[Stackless-sprint] On greenlets

Christian Tismer tismer at stackless.com
Tue Mar 16 02:36:28 CET 2004


Dear friends,

first of all, I wish to thank you all for this great sprint!!!

I would like to repeat this ASAP, given that I will stand my
current monetary disaster.
But the sprint was very promising, very productive, and was
missing for at least three years. I won't make this mistake
again. :-)

Also, I'm wondering if we should keep the sprint list and
rename it to stackless-dev???

Tomorrow, I will probably purge the 2.3/src trunk and symlink
it to 2.3/sprint, but it will be better for you to check it out,
again, when this is done. I will keep you posted.


Now on the new concept.
-----------------------

Armin has given us a very special, wonderful gift, completely
unexpected. (Well, not really, if you know Armin...)
He implemented greenlets, which are revolutionary better than
what I did so far. He didn't know *how* much better they are.
Sunday night, we were sitting in the Luise and talked more about
it. Armin was not aware of the full power of his implementation,
but we figured out that it can be the answer to all questions,
namely it is like 42**42.

If you want to know more, check out the sprint trunk and read
sprint/Greenlet. There is a copy of my/our hard switching
platform stuff, and a tiny extension module named greenlet.c,
which is able to do hardware switching as an extension module
to standard Python!!!

We had several sessions at the blackboared, and I tried to
explain him how things work. It was especially hard to explain
why this initial_stub needs to be recreated on every "entry"
to Stackless, it must be a versioned resource, since its history
is changing all the time, when Stackless is entered from different
contexts.
It took him quite some time to understand. We then discussed
the implementation more, and I explained how I make sure that
all stack slices start on the same top address, and that it
is probably possible to go without this restriction, but that
my brain was not able to figure out the consequences, and it
seemed to be an optimum between simplicity and efficiency,
anyway.
For the rest of the time, I didn't hear so much from Armin,
but some more questions. I appreciated that he was going to
swallow all that hackish code to get an understanding.

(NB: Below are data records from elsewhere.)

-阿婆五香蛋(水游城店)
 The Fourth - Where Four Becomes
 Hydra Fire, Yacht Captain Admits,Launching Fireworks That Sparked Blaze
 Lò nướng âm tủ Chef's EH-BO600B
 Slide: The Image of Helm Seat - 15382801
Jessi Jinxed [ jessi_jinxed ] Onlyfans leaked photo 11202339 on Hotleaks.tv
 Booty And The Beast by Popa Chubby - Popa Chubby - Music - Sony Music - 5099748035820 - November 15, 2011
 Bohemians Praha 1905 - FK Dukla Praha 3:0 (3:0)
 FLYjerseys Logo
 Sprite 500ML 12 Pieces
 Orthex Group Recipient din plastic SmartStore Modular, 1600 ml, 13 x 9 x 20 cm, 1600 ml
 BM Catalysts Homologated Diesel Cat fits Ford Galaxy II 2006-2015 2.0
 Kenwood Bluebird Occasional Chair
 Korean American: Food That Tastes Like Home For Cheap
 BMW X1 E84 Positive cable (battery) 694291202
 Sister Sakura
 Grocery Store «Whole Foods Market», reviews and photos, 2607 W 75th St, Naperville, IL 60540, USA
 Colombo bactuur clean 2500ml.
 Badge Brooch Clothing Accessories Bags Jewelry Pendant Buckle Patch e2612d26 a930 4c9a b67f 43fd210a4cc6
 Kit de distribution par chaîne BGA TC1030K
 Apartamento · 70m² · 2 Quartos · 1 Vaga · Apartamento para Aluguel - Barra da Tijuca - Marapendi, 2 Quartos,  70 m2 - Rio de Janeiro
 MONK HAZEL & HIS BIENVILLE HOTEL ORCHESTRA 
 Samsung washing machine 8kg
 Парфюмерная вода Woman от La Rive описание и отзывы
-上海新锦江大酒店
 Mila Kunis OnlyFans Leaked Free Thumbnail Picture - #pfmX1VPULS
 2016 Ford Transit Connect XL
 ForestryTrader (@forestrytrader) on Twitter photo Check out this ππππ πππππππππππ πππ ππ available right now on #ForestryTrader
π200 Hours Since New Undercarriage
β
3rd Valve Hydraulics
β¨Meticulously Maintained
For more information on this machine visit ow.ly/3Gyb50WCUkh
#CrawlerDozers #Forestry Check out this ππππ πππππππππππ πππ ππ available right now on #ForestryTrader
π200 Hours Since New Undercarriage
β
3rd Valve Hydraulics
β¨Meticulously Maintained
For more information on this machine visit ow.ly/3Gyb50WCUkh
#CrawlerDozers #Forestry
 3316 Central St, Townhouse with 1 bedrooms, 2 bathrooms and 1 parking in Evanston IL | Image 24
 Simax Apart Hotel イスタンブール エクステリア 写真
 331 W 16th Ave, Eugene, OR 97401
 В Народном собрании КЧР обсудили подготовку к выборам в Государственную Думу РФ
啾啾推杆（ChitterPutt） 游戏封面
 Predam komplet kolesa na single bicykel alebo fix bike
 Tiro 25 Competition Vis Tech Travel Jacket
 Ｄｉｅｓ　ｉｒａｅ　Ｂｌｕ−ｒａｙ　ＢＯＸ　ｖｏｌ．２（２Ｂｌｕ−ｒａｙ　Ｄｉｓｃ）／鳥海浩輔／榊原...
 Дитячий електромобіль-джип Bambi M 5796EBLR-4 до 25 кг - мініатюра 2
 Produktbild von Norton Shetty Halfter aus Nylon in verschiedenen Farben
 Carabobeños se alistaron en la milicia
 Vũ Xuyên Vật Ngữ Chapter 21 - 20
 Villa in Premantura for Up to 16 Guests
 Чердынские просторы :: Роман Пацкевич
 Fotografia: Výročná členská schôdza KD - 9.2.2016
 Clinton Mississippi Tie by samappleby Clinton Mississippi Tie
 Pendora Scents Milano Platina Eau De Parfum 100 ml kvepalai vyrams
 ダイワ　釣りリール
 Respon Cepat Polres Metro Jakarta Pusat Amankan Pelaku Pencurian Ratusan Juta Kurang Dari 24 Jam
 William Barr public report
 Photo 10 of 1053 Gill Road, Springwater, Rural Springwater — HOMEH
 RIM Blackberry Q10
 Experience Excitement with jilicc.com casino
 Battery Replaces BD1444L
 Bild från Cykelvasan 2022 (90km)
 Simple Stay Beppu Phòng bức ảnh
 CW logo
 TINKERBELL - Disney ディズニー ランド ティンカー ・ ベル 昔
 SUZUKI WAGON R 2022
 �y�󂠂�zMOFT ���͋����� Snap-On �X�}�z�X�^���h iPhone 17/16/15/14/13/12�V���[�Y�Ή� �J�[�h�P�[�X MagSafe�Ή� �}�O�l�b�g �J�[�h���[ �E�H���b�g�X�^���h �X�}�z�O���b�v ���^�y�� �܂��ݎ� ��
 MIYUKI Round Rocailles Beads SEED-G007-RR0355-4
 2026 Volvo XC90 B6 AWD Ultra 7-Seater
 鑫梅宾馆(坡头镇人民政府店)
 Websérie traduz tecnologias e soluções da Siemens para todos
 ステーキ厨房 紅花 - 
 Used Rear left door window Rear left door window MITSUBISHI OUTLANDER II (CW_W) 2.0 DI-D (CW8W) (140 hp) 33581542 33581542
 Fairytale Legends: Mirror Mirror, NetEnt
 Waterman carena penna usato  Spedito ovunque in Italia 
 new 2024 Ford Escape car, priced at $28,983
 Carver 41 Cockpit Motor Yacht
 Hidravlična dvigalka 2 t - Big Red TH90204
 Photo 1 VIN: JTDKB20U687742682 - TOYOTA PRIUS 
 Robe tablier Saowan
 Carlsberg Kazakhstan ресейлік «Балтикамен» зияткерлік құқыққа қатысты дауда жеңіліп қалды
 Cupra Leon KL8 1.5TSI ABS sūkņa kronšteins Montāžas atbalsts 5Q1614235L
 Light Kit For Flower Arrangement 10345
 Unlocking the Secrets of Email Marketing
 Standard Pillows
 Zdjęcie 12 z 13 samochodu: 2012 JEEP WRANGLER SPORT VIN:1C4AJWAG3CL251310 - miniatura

On Sunday evening, he presented me something that changed
my life, completely...

Now really on the new concept.
------------------------------

What Armin did, is most remarkable. He removed the need to have
a common stack base. Instead, he finally found the right model
to describe stacks, how they behave and what they are.
The breakthrough is to declare that a stack consists of two
pieces: One upper part that is really living on the real stack,
to some limit, or for the "main" greenlet upto infinity.
And there is one lower part which is saved in heap memory.
The latter may or may not exist, this is dependant of when
other greenlets are created.

For further reference, please read and try to understand his
implementation. Please don't feel bad if you find it hard to
understand. This *is* hard, and I don't believe that there
exist so many implementations of this elegance and consequence.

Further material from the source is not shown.